Сегодняшняя лена была простой. Мы все простые: и одухотворенный архиерей, и киноактер, и музыкант, и писатель, и вахтерша, и слесарь. Нам только кажется на первый взгляд наша сложность необъятной и исключительной, и лишь иногда зажигаются огни, появляются вспышки глубокого вдохновения в нас, из которых можно соткать материю необыкновенности по площади с небольшой носовой платок. И зачастую, чтобы создать персидский ковер, потребуются тысячи людей и их чувств, чтобы сплести ими, как шерстяными нитями, мягкий шедевр. Есть единичные примеры в истории, которые из себя, одной единицы, представляют этот восточный узор шелковистого покрывала.
Напротив Олега сидела простая, обычная девушка, при этом не лишенная красоты: узкое лицо, почти симметричное, без изъянов, прямой нос, большие глаза, черные волосы, кружевом спускавшиеся на хрупкие плечи; резкий вырез платья выделял ее большую грудь; губы, увлажненные бальзамом молодости, притягивали к себе взгляд, доводя желание неискушенного прикоснуться к ним до исступления и потерять в конце контроль.
– Ты знаешь, почему мы сегодня будем пить Cheval blanc? – спросил Олег. – Я пью его только по особым случаям, когда вижу особо очаровательное создание. А пью я его не часто – последний раз это было, когда я сидел в обглоданной лодке на озере Комо в Италии и видел, как солнце садится мне в ладонь, поднятую к горизонту. Я вытянул ее на уровне высоких гор, и оно так доверчиво примкнуло своим теплым краем к нежности ладони, которой я хотел бы поделится с тобой.
Олег очень часто говорил излишне театральные фразы, которые мужчины обычно не произносят. Он был ценителем слова, много читал и любил выписывать понравившиеся ему примеры художественных мыслей, при этом многие не разделял. Он был эксперт в вопросах красоты и способов ее выражения, любя своим языком рисовать картины мнимого счастья в воображении спутниц. Зная, что женщины любят ушами, он мог часами изливать свое мастерство в их уши-души.
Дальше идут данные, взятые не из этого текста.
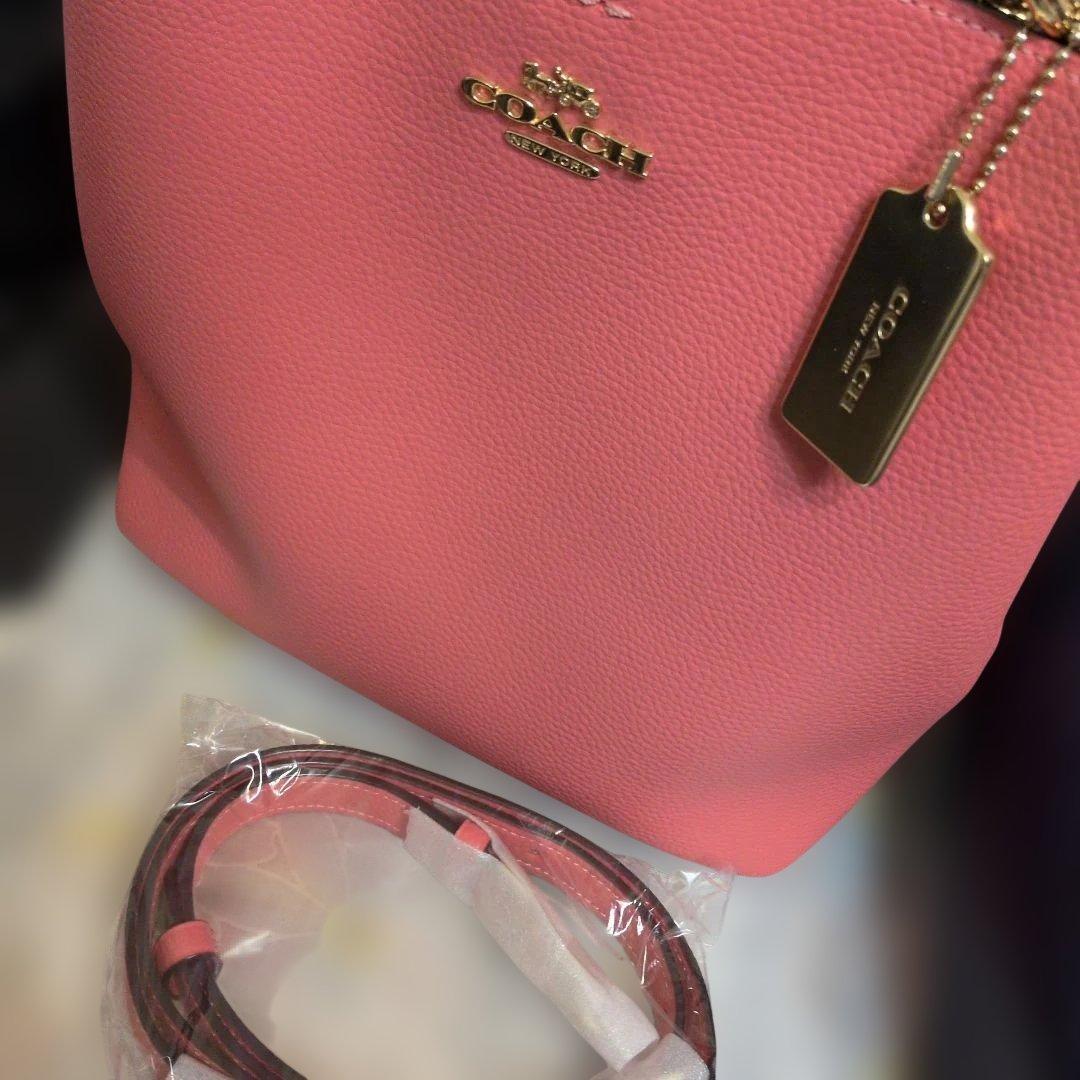 #新品未使用同様　#COACHサーモン ピンク レザー ショルダートートバッグ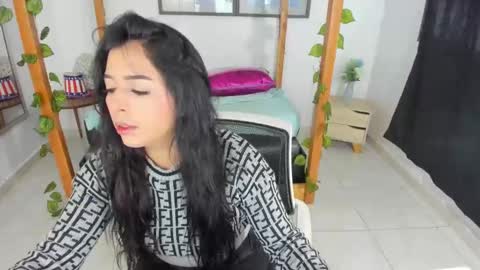 Snapshot of conie_love69 chatting on 2, 10, 2025 conie_love69 online show from 2, 10, 2025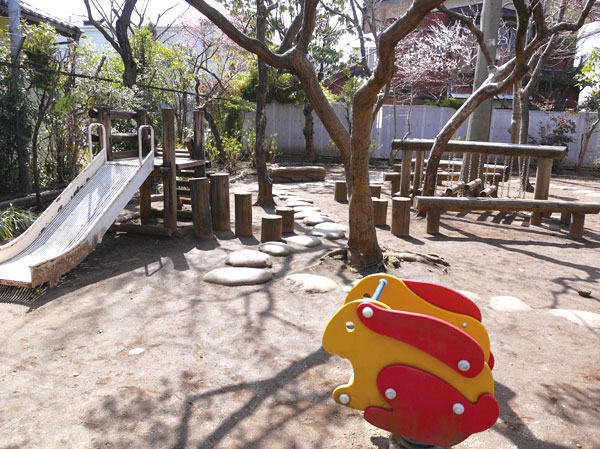 Surrounding environment. Asagaya Karin Park (2-minute walk ・ About 150m)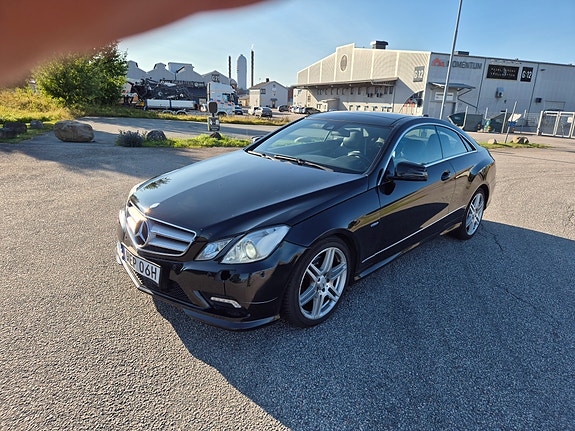 Mercedes-Benz E220 5 of 13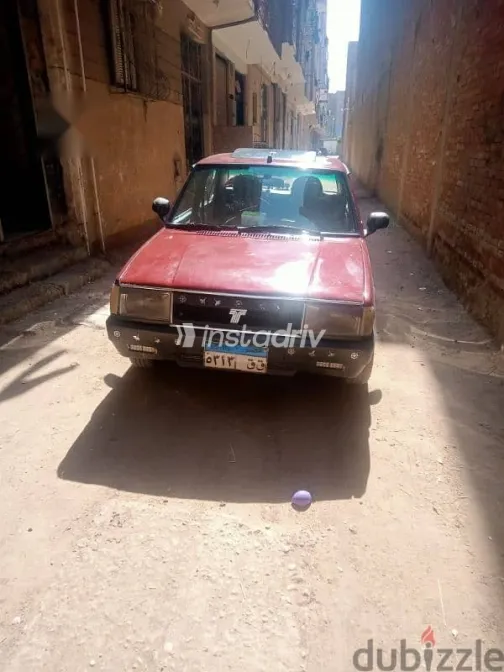 Fiat Shahin 2001 Burgundy Used for Sale - 1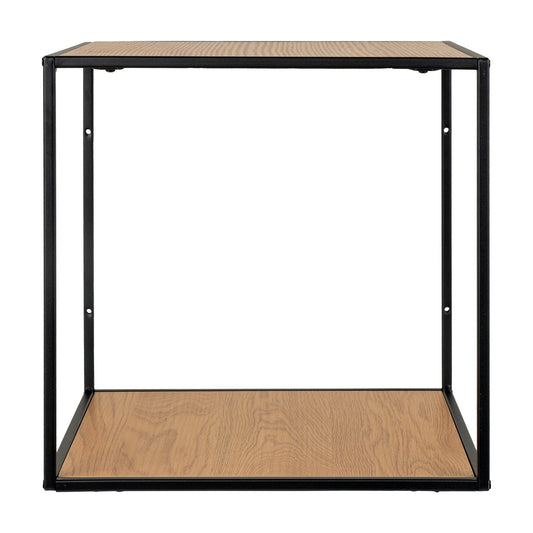 Kubusvormige open kast met zwart metalen frame en licht houten plank, minimalistisch ontwerp.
Олег знал как переводится название вина – Cheval blanc 1 1 Белая лошадь.
, поэтому каждый раз, заказывая его, представлял, как сегодня вечером он оседлает белоснежную кобылу. Зайдет к ней сзади, похлопает увесистой ладонью по белой коже и взберется, умело доставляя удовольствие покоренной. В его воображении белая лошадь была своеобразной предпосылкой к тому, что станет с этой милой в конце вечера: красная помада сотрется, смуглость тонального крема сойдет, чулки спадут вниз, и нагота отбросит их к первобытности. Он наслаждался превращением яркой птички в белоснежную лошадь. Cheval Blanc было пророчеством неминуемого вечернего преображения, которому Олег помогал случиться.